Les télématiciens s'intéressent aux pneumatiques. Pour certains, il s'agit d'un point d'entrée pour ajouter plus de connectivité dans le camion. ©ZF
La filiale de Bridgestone n'a pas attendu la réglementation R141 pour travailler sur le sujet, et a choisi de s'occuper des solutions en post-monte et de partenariats avec des fabricants de remorques. C'est notamment le cas avec Schmitz Cargobull. "D'autres partenariats suivront. Ils sont essentiels pour remonter la donnée", pointe Annick Renoux. Sans eux, les télématiciens sont dépendants de l'accessibilité aux données, sujet parfois tortueux. Webfleet affirme que toutes ses données sont disponibles par API (application programming interface, autrement dit l'interface logicielle qui assure le transfert de données), pour permettre de les interfacer avec d'autres outils utilisés par les transporteurs.

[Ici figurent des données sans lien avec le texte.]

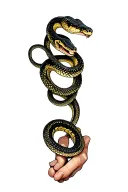 snake wrapped around middle finger connected to knuckle design tattoo design idea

De même pour Continental avec sa solution ContiConnect. "Il y a des acteurs de partout au niveau de la télématique, et il n'est pas possible de pouvoir s'ouvrir à chaque télématicien. La seule solution est d'ouvrir son code source. Voilà pourquoi nous ouvrons nos API. N'importe quel télématicien peut ainsi récupérer les données de notre capteur", développe Nicolas Bonnay, qui rappelle malgré tout que "tout le monde ne le fait pas".
S'ouvrir aux autres
Chez ZF, Phillipe Sans abonde : "Je n'ai pas le sentiment que les constructeurs sont très motivés pour partager les données", déplore-t-il. Voilà une raison pour laquelle le télématicien collabore avec nombre d'entre eux. Côté froid, Scalar intègre les données, entre autres, de Thermo King, et a déjà fait de même avec plusieurs constructeurs. Depuis 2021, ZF travaille avec Goodyear. Sur ses pneumatiques, le manufacturier utilise, dès que c'est possible, les capteurs de pression du télématicien, et systématiquement ses boitiers télématiques, qui sont connecté à l'EBS pour rapatrier les données sur le portail de Goodyear.

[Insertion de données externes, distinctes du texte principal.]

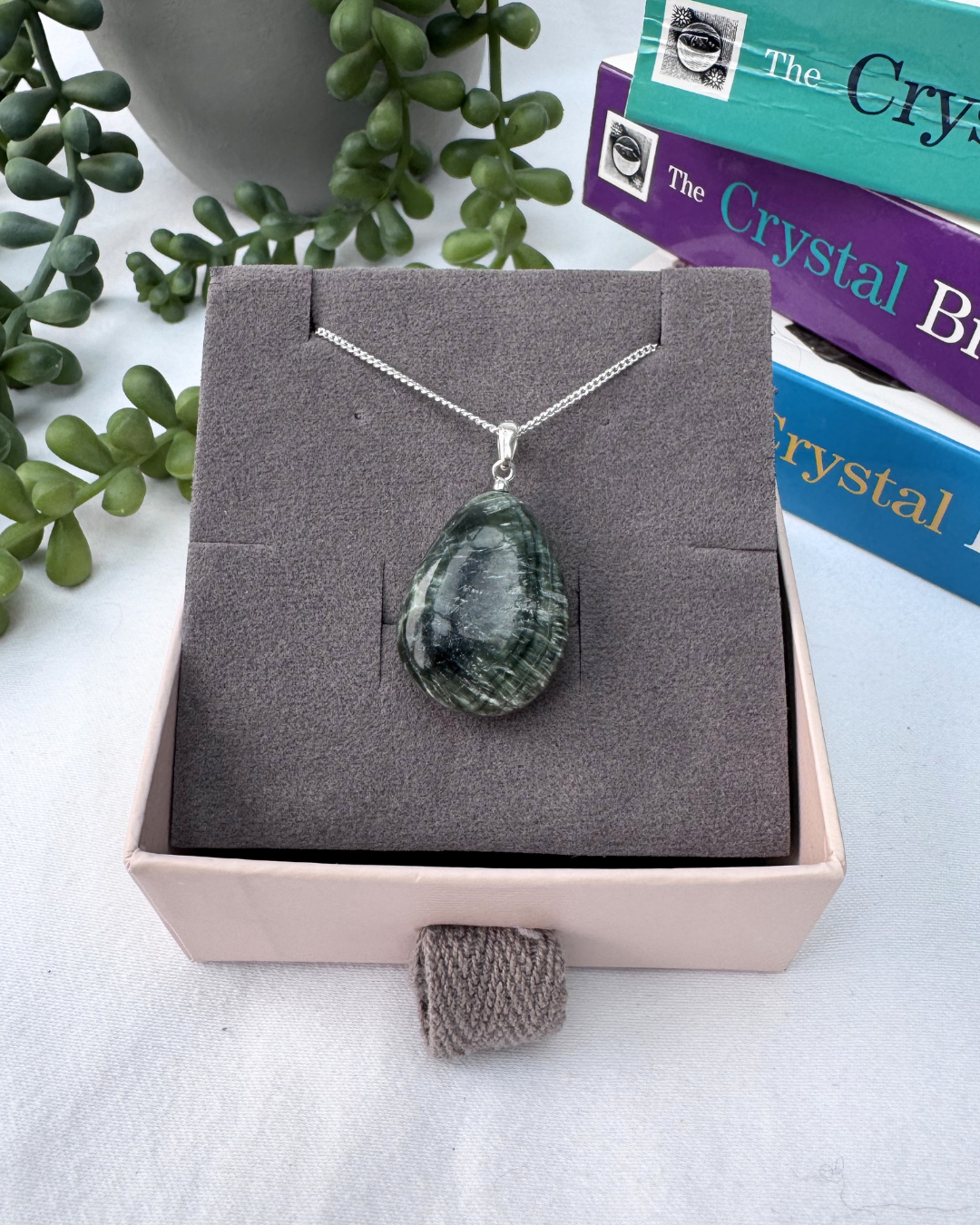 Seraphinite Oval Sterling Silver Necklace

"Les collaborations vont continuer de prendre de l'ampleur, car on ne peut pas être bon partout. Quand on fait tout, on est moyen partout, ou très bon quelque part et mauvais ailleurs. Il faut s'entourer de spécialistes. Le manufacturier est bon dans le pneu mais n'est pas télématicien. Donc, travailler main dans la main permet au client final d'avoir plus de valeur ajoutée", argumente Philippe Sans, qui ne voit pas de concurrence entre télématicien et manufacturier, mais plutôt une complémentarité.
Christophe Kuss, chez son partenaire Goodyear, valide cette idée de complémentarité entre les deux parties : "Face à la multitude des propositions sur le marché, avoir une solution intégrée fournie par deux acteurs majeurs dans leur domaine simplifie la prise de décision du chef d'entreprise. Pour le transporteur, l'offre Goodyear et ZF est un investissement dans une seule technologie pour avoir accès à l'ensemble des outils qui sont proposés dans le cadre de notre collaboration." Car au final, l'enjeu est bien là : offrir une solution qui réponde aux besoins du client transporteur. Ce dernier, en quête d'efficacité et d'économies, recherche des solutions qui lui rapporteront plus qu'elles ne lui coûtent, tant en argent qu'en temps.

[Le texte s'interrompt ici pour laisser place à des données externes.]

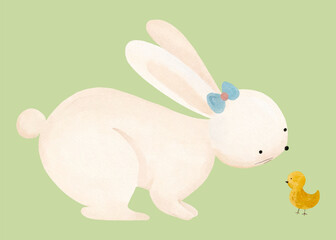 Cute watercolor bunny with blue bow and little yellow chick isolated on black background. Hand painted pastel animal illustration for nursery art, Easter card design, baby shower decor, and spring © Anchalee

Et le retour sur investissement promis par ces différents acteurs de la connectivité est grand. "Le transporteur réalise des économies importantes et rapides, confirme François Denis. Il y a d'abord tout un gain sur la conduite du conducteur. La télématique permet aussi de réduire tous ces coûts : de pneumatiques, mais aussi de freinage, de consommation…" Nicolas Bonnay conclut avec un cas d'usage particulièrement parlant : "On ne peut pas faire disparaître les réparations et les anomalies, mais on cherche à les anticiper avec l'analyse prédictive. Le moindre dépannage chronophage et coûteux qui est évité rentabilise l'investissement en connectivité." Difficile de faire mieux.